[Start of section]

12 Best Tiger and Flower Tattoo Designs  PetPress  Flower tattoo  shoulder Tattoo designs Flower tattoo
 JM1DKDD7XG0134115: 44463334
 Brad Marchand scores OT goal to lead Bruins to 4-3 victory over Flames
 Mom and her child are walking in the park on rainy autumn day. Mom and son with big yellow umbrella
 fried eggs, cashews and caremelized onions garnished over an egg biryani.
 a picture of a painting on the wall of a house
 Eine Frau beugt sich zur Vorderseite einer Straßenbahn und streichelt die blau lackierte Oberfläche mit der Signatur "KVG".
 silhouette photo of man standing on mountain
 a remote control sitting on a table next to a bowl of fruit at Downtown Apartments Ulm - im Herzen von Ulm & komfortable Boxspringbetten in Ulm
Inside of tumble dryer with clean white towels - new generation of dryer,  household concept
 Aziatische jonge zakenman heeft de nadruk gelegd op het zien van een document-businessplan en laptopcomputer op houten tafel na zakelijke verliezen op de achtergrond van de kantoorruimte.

[End of section]

:: Exercise instructions ::
Anywhere the listing shows the word "with", copy the full line.

:: Exercise answer ::
 Mom and her child are walking in the park on rainy autumn day. Mom and son with big yellow umbrella
Inside of tumble dryer with clean white towels - new generation of dryer,  household concept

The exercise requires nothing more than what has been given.